818 and S.A.C.R.E.D. say they will work together on a new program called the 818 Bricks Program. It mixes post-production agave fibers along with water and adobe soil to create bricks for community-based developments. The first batch of bricks, which was completed earlier this year, went to build a school library and a tasting room for a family-run distillery 145 miles away from where 818 distills its tequila.

“I’m honored to work alongside 818 Tequila, especially on making adobe bricks out of agave waste and using those bricks to support Mexican communities,” said Lou Bank, Founder and Executive Director of S.A.C.R.E.D. “It’s our mission to support the people who make agave spirits, in hopes of sustaining the multigenerational wisdom and practices they inherited from their progenitors who made tequila, mezcal, and other heritage spirits.

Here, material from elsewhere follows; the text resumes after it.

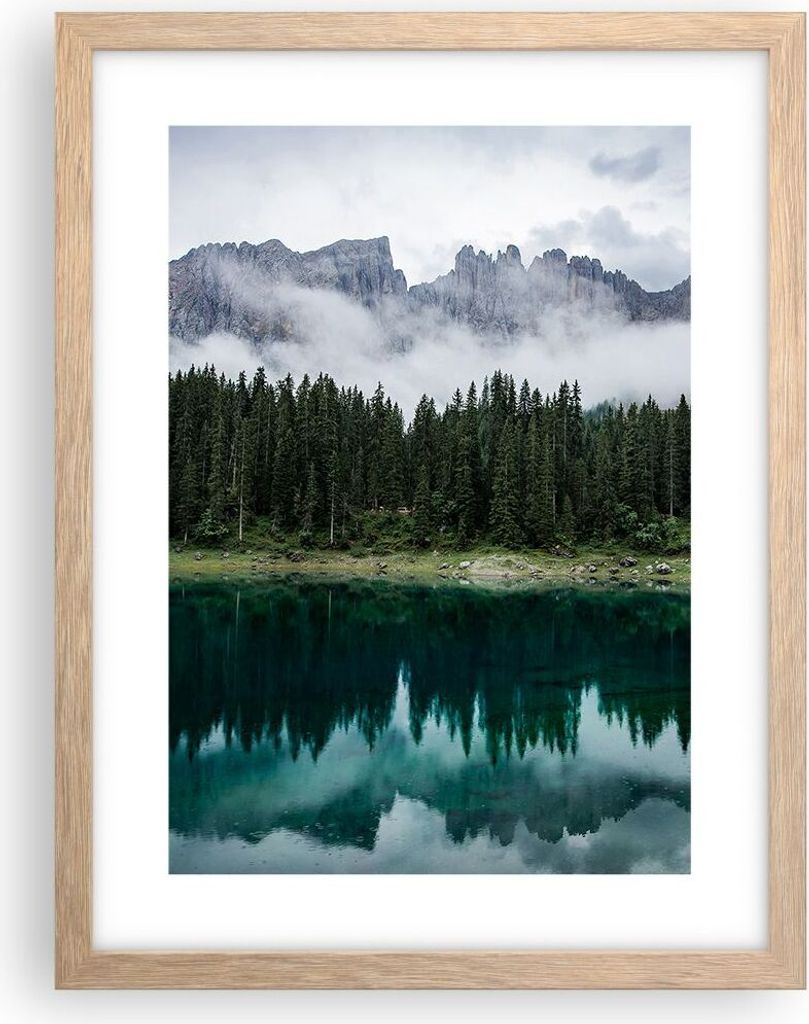 Gerahmtes Poster - Rahmen in heller Eiche - Landschaft Produktbild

Our goal is to support the communities that are integral to agave production by working with them directly and asking them what they need.”

Sustainable production

818 says it has also moved its operations to a state-of-the-art Jalisco, Mexico, distillery, Grupo Solave, known for its tequila production methods and its environmental impact innovation. According to 818, the distillery is powered by biomass waste, extending the life cycle of the agave and reducing CO2 emissions. The brand says this is critical to its sustainability initiatives.

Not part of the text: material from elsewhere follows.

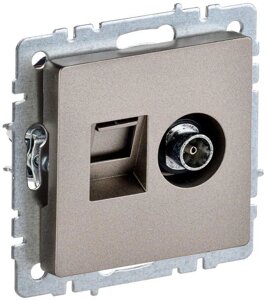 Розетка компьютерная + телевизионная 2-м Brite РТВ/РК12-БрШ RJ45 кат. 5E + TV шампань IEK BR-AK20-1-K37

Tequila is Mexico’s biggest agricultural industry. And the agave plant has become a focus for sustainability — extending the life of agave fibers and repurposing them in a number of ways.

The announcements come after Jenner, who is not Mexican, appeared in an ad for 818 last year riding a horse in an agave field while wearing jeans, an oversized shirt, a flat-brimmed cowboy hat, and two braids. Critics said her “chic migrant worker look” was culturally insensitive.

Courtesy 818

During a visit to The Tonight Show last year, Jenner told host Jimmy Fallon that she and 818 are invested in supporting the community where the tequila is made.

“At our distillery, which I was just at the other day, we found a way to take the agave waste — the agave fibers and the water waste — and build this sustainable brick that we are actually donating back to the community of Jalisco,” she said.

“We’re donating them and building homes for people that need homes,” Jenner added, noting the bricks are also supporting a “half-built hospital” in the area.

Jenner said the brand is now more “friendly to the planet” than other tequila brands. It has also partnered with the sustainability initiative, 1% For the Planet. “We donate one percent of our profit to planet-saving initiatives,” she said.

The changing tequila industry

Jenner’s 818 isn’t the only tequila brand embracing sustainability initiatives. Jose Cuervo — the number-one tequila producer in the world — is also working on making its supply and production chains more sustainable. Jose Cuervo has been growing agave in Mexico for ten generations, paying special attention to farming practices that promote soil conservation and resource management.

“[I]t’s our responsibility to continuously identify new ways to create a more sustainable future for agave,” a Jose Cuervo spokesperson told Ethos via email. “Without agave, there’s no tequila and no Jose Cuervo. That’s why we’re committed to discovering new ways to reuse, recycle and repurpose 100 percent of the precious agave plant and ultimately implement sustainable solutions that give the plant new life beyond tequila.”

Courtesy 818

The company says it has a long history of repurposing the agave plant and identifying “creative solutions” to everyday problems with the agave. In 2019, it launched The Agave Project, an initiative that supports upcycling agave fibers into sustainable items including car parts for the Ford Motor Company. It also helped to create the world’s first 100 percent agave surfboard. The brand also makes biodegradable straws out of agave. Last year, it debuted a tequila bar made entirely out of the agave plant.

For Jenner’s 818, the steps seem to be working. Demand is ever-increasing in the less than two years it’s been on the market. Over the summer, the brand announced its first distribution outside of the U.S., with distribution in China and Canada, with more markets to come.